#### Data listing:
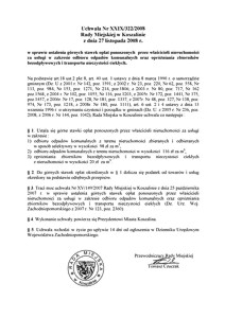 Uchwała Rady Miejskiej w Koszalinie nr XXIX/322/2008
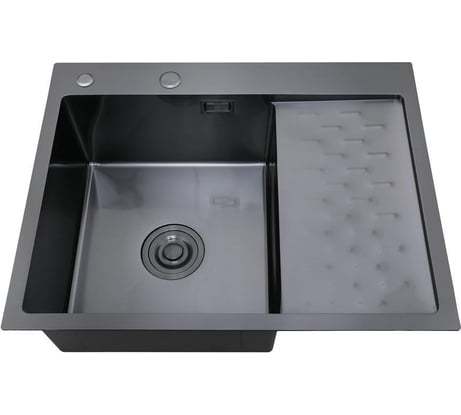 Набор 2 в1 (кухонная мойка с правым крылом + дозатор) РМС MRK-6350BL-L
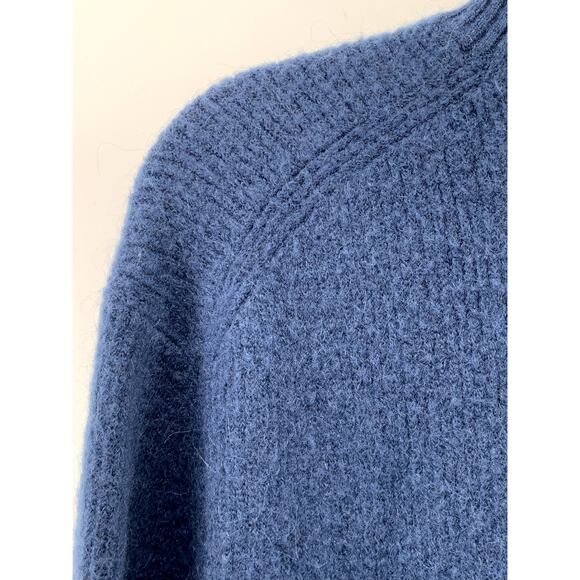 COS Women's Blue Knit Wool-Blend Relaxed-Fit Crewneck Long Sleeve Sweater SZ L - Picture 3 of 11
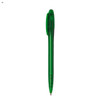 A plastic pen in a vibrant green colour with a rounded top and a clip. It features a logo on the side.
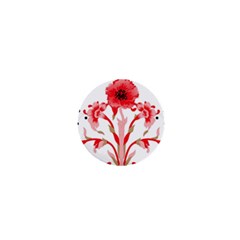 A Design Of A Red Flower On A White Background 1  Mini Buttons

---

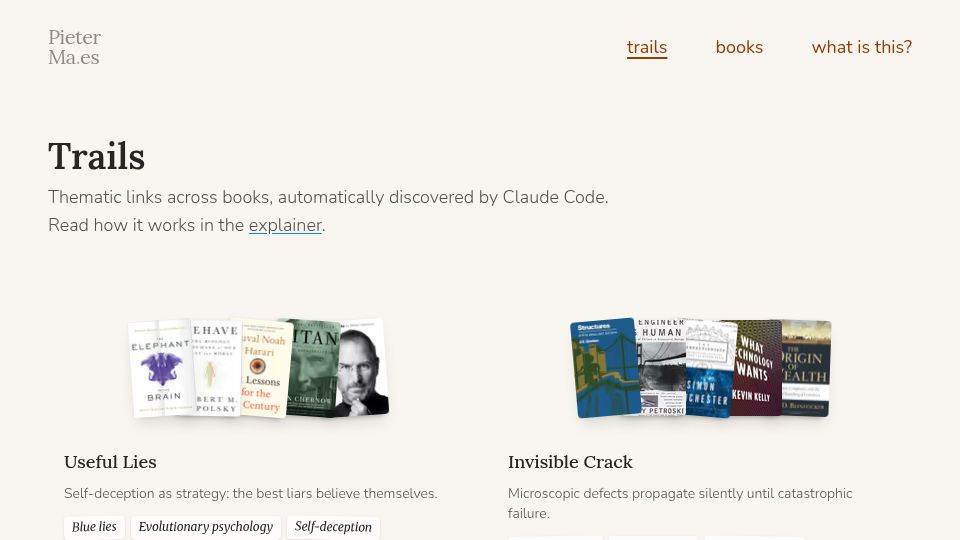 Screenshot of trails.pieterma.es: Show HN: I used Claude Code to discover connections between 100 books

#### Action item:
Above are the records; please give again, exactly and in full, only the lines that run from the line with "Uchwała Rady Miejskiej" through the line with "A Design Of", with no pictures.

#### Task response:
 Uchwała Rady Miejskiej w Koszalinie nr XXIX/322/2008
 Набор 2 в1 (кухонная мойка с правым крылом + дозатор) РМС MRK-6350BL-L
 COS Women's Blue Knit Wool-Blend Relaxed-Fit Crewneck Long Sleeve Sweater SZ L - Picture 3 of 11
 A plastic pen in a vibrant green colour with a rounded top and a clip. It features a logo on the side.
 A Design Of A Red Flower On A White Background 1  Mini Buttons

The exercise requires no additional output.